Seeing Yan Bojun Off to Shan County


流水阊门外
孤舟日复西
离情遍芳草
无处不萋萋

This river runs beyond the Gates of Heaven.
Your lone boat again goes to the West.
Our feelings of parting are filled with virtue.
There is nowhere that you cannot flourish.

妾梦经吴苑
君行到剡溪
归来重相访
莫学阮郎迷

I dreamed that in the Gardens of Wu
You travelled until you came to Shan Creek.
When you return, we will visit again.
Don't get lost in Heaven like Ruan Zhao.

-- 李冶


废话

This is supposed to be a poem that shows Li Ye is sleeping with Yan Bojun. Hmmm. Fang1cao3 (芳草) or "esteemed virtue" is what she attributes to their feelings of parting. Xiang1fang3 (相访) is "pay each other a visit" and not "fall into hot sweaty embraces." To me, she could be nudging him away with "esteemed virtue" when he would prefer the warm embraces. I'm having trouble convincing myself Li Ye is sleeping with any of these men in her poems. Let's look at all the evidence I have come up with so far. Here, from other scholars' accusations, are the usual suspects:

Exhibit A: Liu Changqing (or Zhangqing). At a literary gathering, the older poet Liu is suffering from a hernia. Li Ye is reading a poem. She changes the tones on "mountain air" so that a line becomes "How do you like this hernia?" A pun. Neo-Confucians appear to have assumed that she was fondling his hernia as she said it. Let's go with a simple pun. Verdict: Liu is probably not a sexual partner of Li Ye.

Exhibit B: Jiao Ran. In a poem attributed to Jiao Ran but which he did not include in his own collected works, one can read into it that Li Ye made a literary or even a physical pass at Jiao Ran. But no one is willing to say the poem is really his. Verdict: Not a sexual partner.

Exhibit C: Lu Yu. The closest he gets is her "thanking guest" poem where she apologises for not being able to see him. Unless she is actually apologising to the geese. Or to him through the geese. I like this last option because it is intelligent and subtle which reflects well on Li Ye. Verdict: Not a sexual partner.

Exhibit D: Zhu Fang. Mentioned in a title of one of her poems. Or not. Because the title could also mean "red blossoms" and not his name. Also, he was a recluse and would have to take administrative leave and be unreclusive to sleep with her. Also, this poem has another title in another scroll which is more or less, "Climbing a Mountain to Look Longingly for Yan Who Does Not Come." The Neo-Confucians are working overtime here. But they can't have it both ways. Unless they are accusing her of a sexual love triangle. Maybe down at the local yamen during business hours? Verdict: Not a sexual partner.

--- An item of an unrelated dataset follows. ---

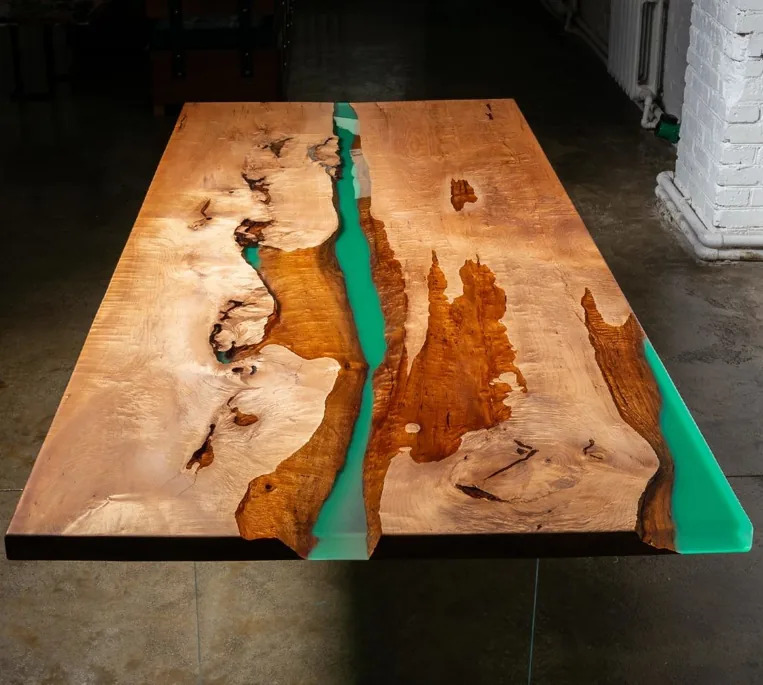 Северное сияние вид 2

Exhibit E: Yan Shihe (courtesy name, Bojun). He carries Li Ye's letter to their friend Han in Jiangxi. He gets this send-off above. And she writes a poem on receiving a letter from him. That is the next poem in these translations and unless it's a real hotty ... well, we'll see. Verdict: Pending.

I'm not denying Li Ye an active sexual life here. People need human intimacy in order to survive in this lower realm. I'd be dead by now without it. But I like to see justice done. And the current Chinese scholars and their judgmental predecessors are doing Li Ye an injustice. Maybe, being intelligent, she was also discreet. I would think so.